It’s no secret that the cost-of-living crisis is having a tremendous impact on the UK workforce. A lack of wellbeing being seen in companies is being increasingly linked to a decrease in the financial wellbeing of employees.
Simultaneously, reports show that executives are being paid more than ever in many industries. The average pay for FTSE 100 executives was 118 times more than the average salary of a UK worker at the end of last year. The average FTSE 100 CEO received £3.91m in 2022, up from £3.38m in 2021, according to the latest research, representing a 16% rise in executive pay.
However, whether we want to recognise it or not, not everyone is cut out to be an executive at a company. And some would argue that because of their hard work and dedication to leading the company, as well as the contribution they make to society, executives deserve to be paid in alignment the level of expertise needed to be in this role – which tends to be a heck of a lot.
With this in mind, is it just for these leaders to be paid as much as they are, even in a cost-of-living crisis?
Is it OK that executives are paid so much even in a cost-of-living crisis?
The issue of executive pay in the midst of a cost-of-living crisis has sparked significant debate. Despite the cost-of-living crisis, the pay of top executives has continued to rise. A study by Deloitte revealed that the median FTSE 100 chief executive saw their pay rise by 12% in 2022.
While some argue that such steep pay rises for executives are inappropriate during a cost-of-living crisis, others attribute the increase in CEO pay to good business performance and strong incentive pay awards tied to profitability and share prices.

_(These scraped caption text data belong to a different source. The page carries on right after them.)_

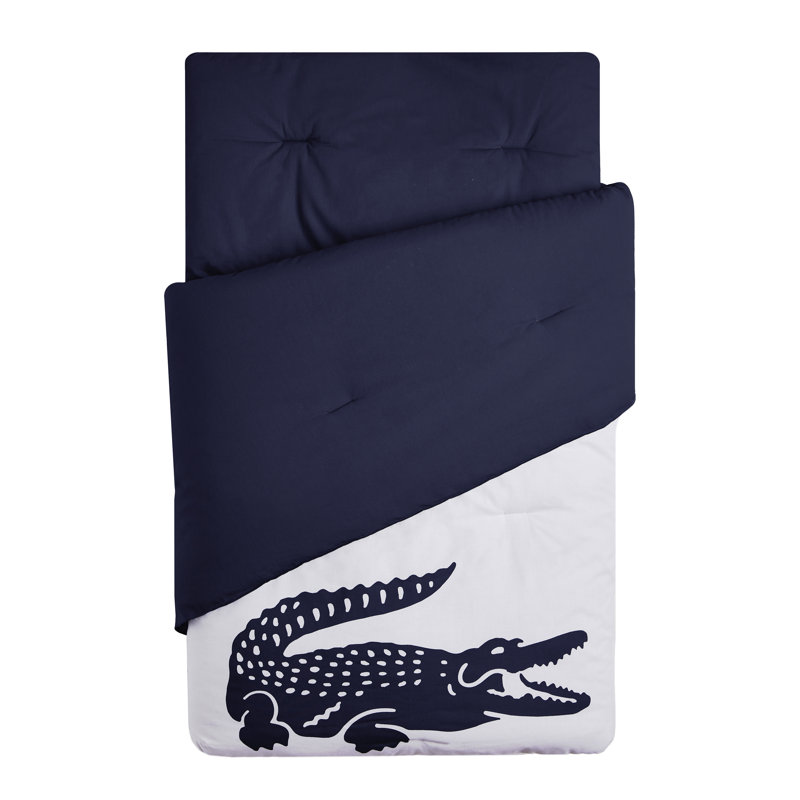 Lacoste Crew Twin Size 3-Piece Comforter Set, Premium Cotton Percale Cover with Microfiber Fill with Decorative Pillow, Navy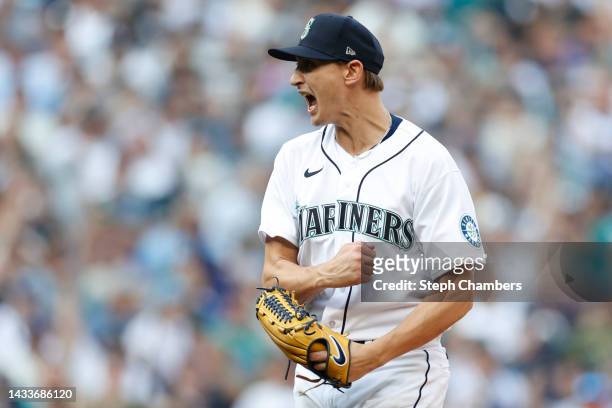 George Kirby of the Seattle Mariners reacts after striking out Jose Altuve of the Houston Astros to get out of the seventh inning with two men on...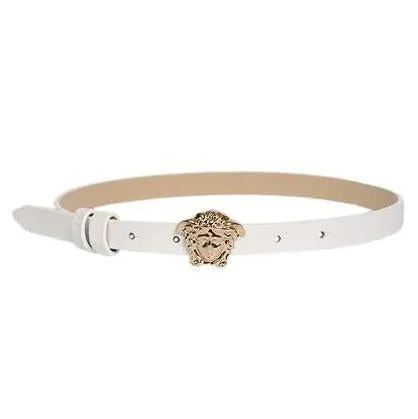 Girls Skinny Leather Belt with Full Gold Medusa Head-White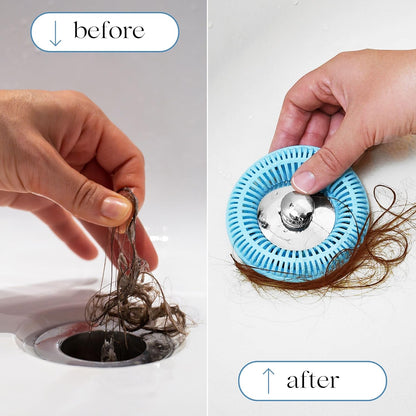TubRing Pop-Up Drain Protector & Strainer Silicone Hair Catcher, Aqua | Easy snap-in design fits around bathtub stoppers. Customizable utility guard for clog prevention. Fits 1.85"- 2.16" drains.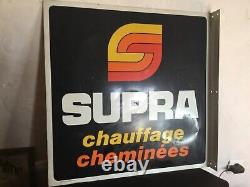 # Ancienne Plaque émaillée tôle peinte publicitaire SUPRA cheminée Double face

While some argue that such steep pay rises for executives are inappropriate during a cost-of-living crisis, others attribute the increase in CEO pay to good business performance and strong incentive pay awards tied to profitability and share prices
The disparity between executive pay and the wages of the average worker has also been a point of concern for many HR practitioners. With CEOs earning significantly more than the median UK full-time worker, the regular worker earning much less may become disengaged and unenthusiastic towards their job.